The sun rises slowly over Hamelin while underground a cogwheel begins to turn. What appears to be a lively town quickly turns into a mirror of human greed. The wealthy citizens lock themselves away in their own greed, until the town succumbs to its stench of abundance and attracts a relentless swarm of rats. Then a stranger appears with a flute, hired to drive away the plague, but his melody attracts more than just rodents.
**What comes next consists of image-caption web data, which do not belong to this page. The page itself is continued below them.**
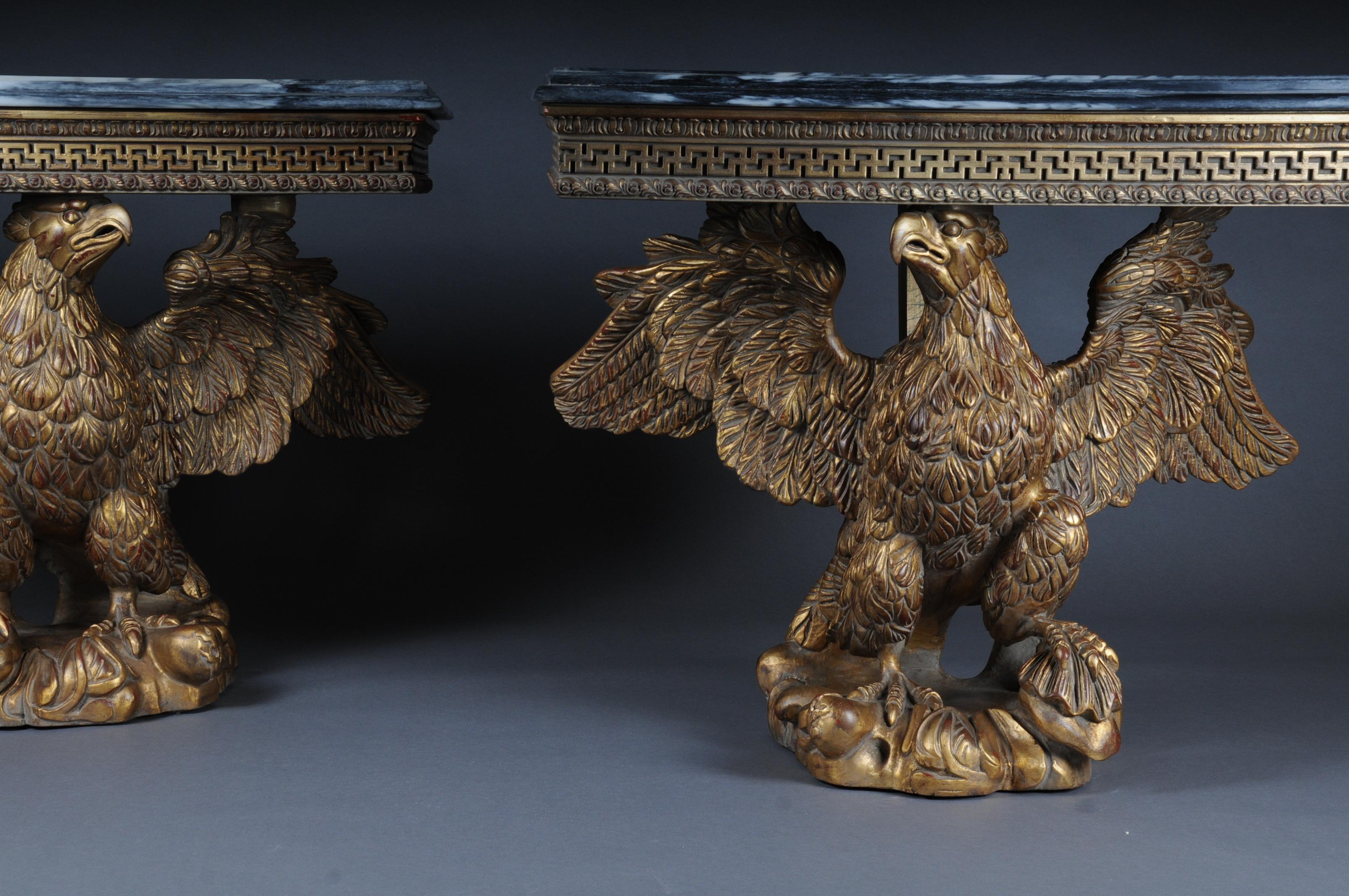 Pair of Magnificent Eagle Consoles Designed by William Kent For Sale 10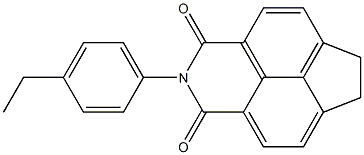 2-(4-ethylphenyl)-6,7-dihydro-1H-indeno[6,7,1-def]isoquinoline-1,3(2H)-dione Structure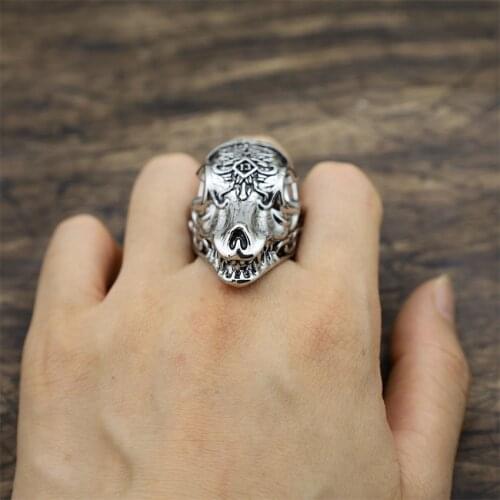 12pcs MORIOR INVICTUS Ring Domineering Punk Dinosaur Head Mens Rings For Boyfriend Jewelry Gifts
When Hamelin breaks its promise, the music turns against its inhabitants.

The Pied Piper is Jirí Barta's visionary retelling of the German legend, inspired by Viktor Dyk's sombre 1911 novella Krysarˇ. In this expressionist animated fairy tale, wood, metal and skin merge into a dark tableau. The rats, filmed in flashes of live action, seem more alive than the humans themselves. In their incomprehensible Germanic dialect, the inhabitants sound like puppets of flesh and guilt. The Pied Piper is a cautionary woodcut about greed, betrayal and the price of human desire.

This film is preceded by the short film Historia Naturae, Suita (1967) by Jan Švankmajer.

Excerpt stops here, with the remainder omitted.